Me quedé atrapado en esto por un tiempo también, así que expandir la respuesta de Maasg pero respondiendo para buscar un rango de valores por índice para Java (necesitarás definir las 4 variables en la parte superior):

DataFrame df; SQLContext sqlContext; Long start; Long end; JavaPairRDD<Row, Long> indexedRDD = df.toJavaRDD().zipWithIndex(); JavaRDD filteredRDD = indexedRDD.filter((Tuple2<Row,Long> v1) -> v1._2 >= start && v1._2 < end); DataFrame filteredDataFrame = sqlContext.createDataFrame(filteredRDD, df.schema());

Recuerde que cuando ejecuta este código, su clúster deberá tener Java 8 (ya que se está utilizando una expresión lambda).

Además, ¡zipWithIndex es probablemente costoso!

Esto debería ser posible indexando primero el RDD. La transformación zipWithIndex proporciona una indexación estable, numerando cada elemento en su orden original.

Dado: rdd = (a,b,c)

val withIndex = rdd.zipWithIndex // ((a,0),(b,1),(c,2))

Para buscar un elemento por índice, este formulario no es útil. Primero necesitamos usar el índice como clave:

val indexKey = withIndex.map{case (k,v) => (v,k)} //((0,a),(1,b),(2,c))

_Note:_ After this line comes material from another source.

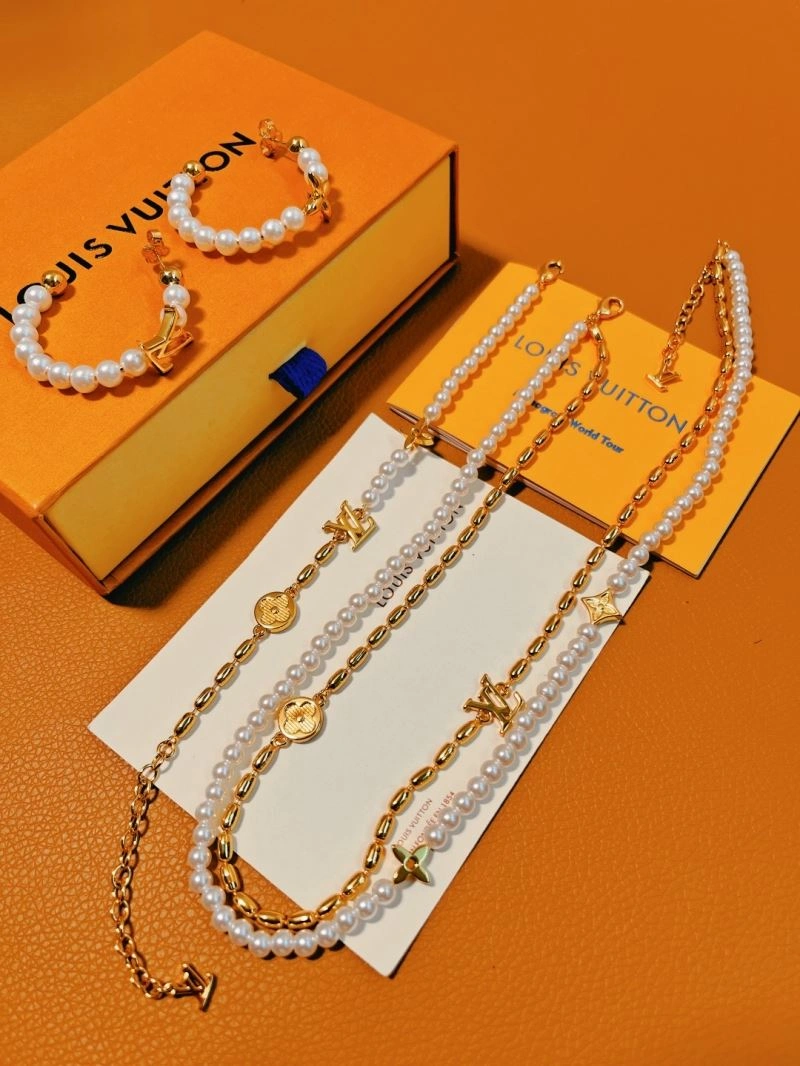 Affordable Louis Vuitton Necklaces 268411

Ahora, es posible usar la acción de lookup en PairRDD para encontrar un elemento por clave:

val b = indexKey.lookup(1) // Array(b)

Si esperas utilizar la lookup menudo en el mismo RDD, te recomendaría indexKey en caché el indexKey RDD para mejorar el rendimiento.

Cómo hacer esto usando la API de Java es un ejercicio que queda para el lector.